What is Trino? (Preview)

Important

This feature is currently in preview. The Supplemental Terms of Use for Microsoft Azure Previews include more legal terms that apply to Azure features that are in beta, in preview, or otherwise not yet released into general availability. For information about this specific preview, see Azure HDInsight on AKS preview information. For questions or feature suggestions, please submit a request on AskHDInsight with the details and follow us for more updates on Azure HDInsight Community.

Trino (formerly PrestoSQL) is an open-source distributed SQL query engine for federated and interactive analytics against heterogeneous data sources. It can query data at scale (gigabytes to petabytes) from multiple sources to enable enterprise-wide analytics.

Trino is used for a wide range of analytical use cases and is an excellent choice for interactive and ad-hoc querying.

Some of the key features that Trino offers -

  • An adaptive multi-tenant system capable of concurrently running hundreds of memory, I/O, and CPU-intensive queries, and scaling to thousands of worker nodes while efficiently utilizing cluster resources.
  • Extensible and federated design to reduce the complexity of integrating multiple systems.
  • High performance, with several key related features and optimizations.
  • Fully compatible with Hadoop ecosystem.

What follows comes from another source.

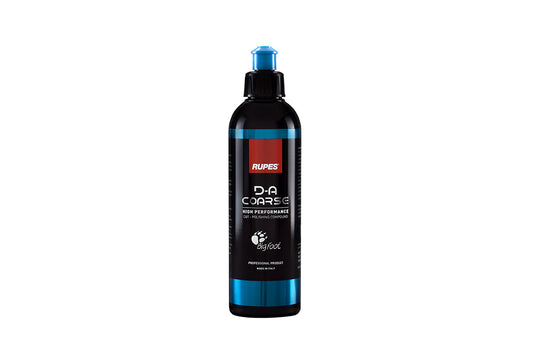 Rupes BigFoot D-A Coarse High-Performance Cutting Compound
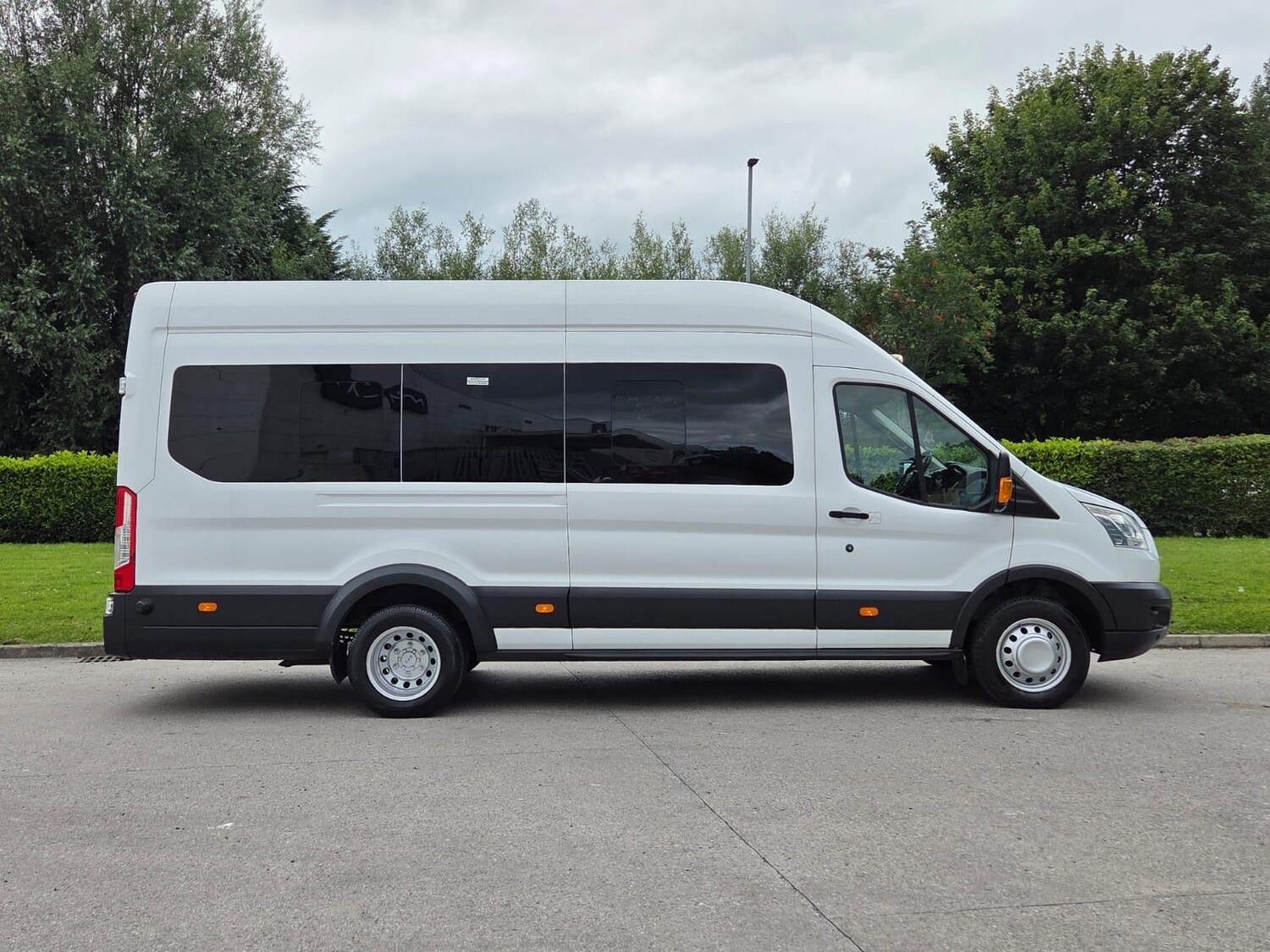 Vehicle 70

There are two types of Trino servers: coordinators and workers.

Coordinator

The Trino coordinator is the server that is responsible for parsing statements, planning queries, and managing Trino worker nodes. It's the “brain” of a Trino installation and is also the node to which a client connects to submit statements for execution. The coordinator keeps track of the activity on each worker and coordinates the execution of a query. The coordinator creates a logical model of a query, which involves a series of stages, which is translated into a series of connected tasks runs on a cluster of Trino workers.

Worker

A Trino worker is a server in a Trino installation, which is responsible for executing tasks and processing data. Worker nodes fetch data from connectors and exchange intermediate data with each other. The coordinator is responsible for fetching results from the workers and returning the final results to the client.

Diagram showing Trino architecture.